This floor relates to the keystone of our identity. Realisation might be conceptualised as the floor being seen through. Still, a person, but a part of, or an emanation from, a larger reality. How does this change things?
The upper layers are still in place, but any introspection falls straight through the bottom, into boundlessness. This is the recognition of the source. It houses everything above in a radically different context, without compromising or denying its individuality.
Why is this pyramid important? To give people an idea of what they’re working with. To show that superficial change is just that—a shuffling of some elements at the top of an almighty, bottom-heavy structure.

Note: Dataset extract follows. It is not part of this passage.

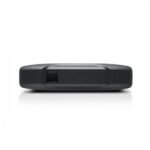 G-Technology ArmorATD 4TB USB 3.1 External Hard Drive - Image 6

And to show that meaningful change has to come from a deeper place, a deeper engagement, than just switching out a habit, or trying a new morning routine.
It means that 99% of the time, we don’t need new information, or a new book. We need to contemplate the pyramid. We need to see how our individual and cultural beliefs are already hindering us. We need to see how our neuroses and defence mechanisms are already blindsiding us.

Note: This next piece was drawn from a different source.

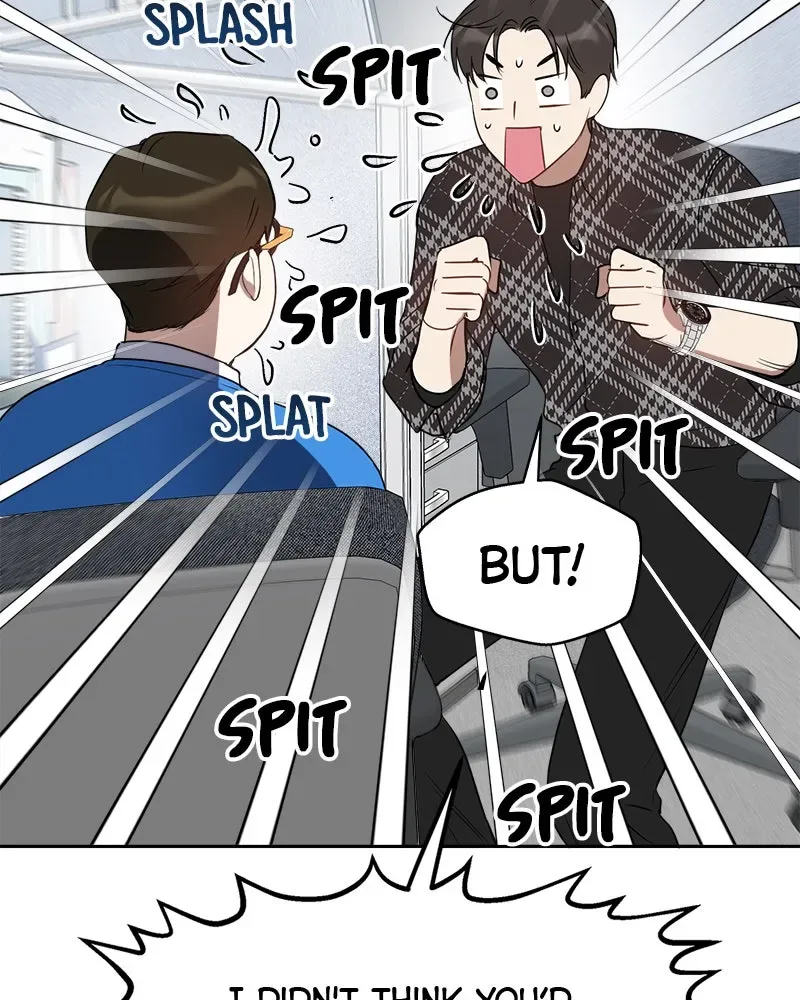 It’s Just Business Chapter 30 page 98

If we cannot perceive and appreciate these deeper levels, we will simply be defined by them. Each deeper layer sculpts a more fundamental definition.
And then there is the bottom layer, which sees through the sense of definition, at all. It doesn’t tear the pyramid down, it just sees everything that makes it up as distinction, rather than differentiation. Distinct patterns in undivided consciousness.

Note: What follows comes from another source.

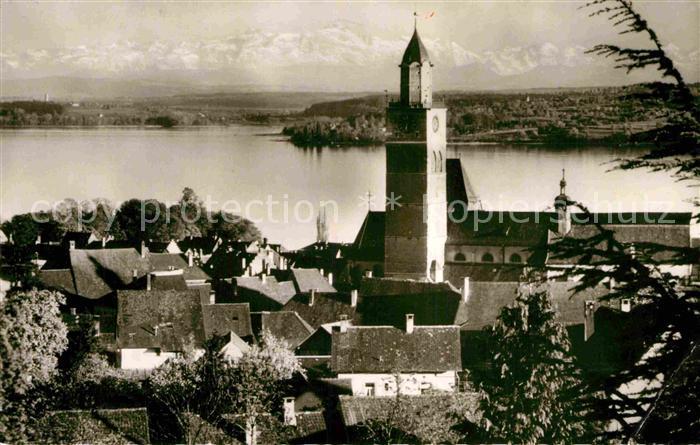 ueberlingen Bodensee Saentis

This radically changes our perception of ourselves, and can become a catalyst for all kinds of change above. But it is no guarantee. A glimpse through the floor will not suddenly make you a Saint. You’ll still be biased in the same ways you were before.
But your identity is now perceived more accurately. The whole picture has been seen and cannot be unseen. And that makes all the difference. Because you are not solely defined by what is above, there is less fighting with your own structures. And when there is less fighting with the structures, they naturally realign into their unique form.
Each pyramid has a unique form latent in it—the ways it is like no other, the voice and style that have never come before and will never come again.
This is all slightly different to Maslow’s hierarchy of needs. I just went to draw a comparison but it doesn’t quite link up. Maslow has self-actualisation at the top. I have self-realisation at the bottom.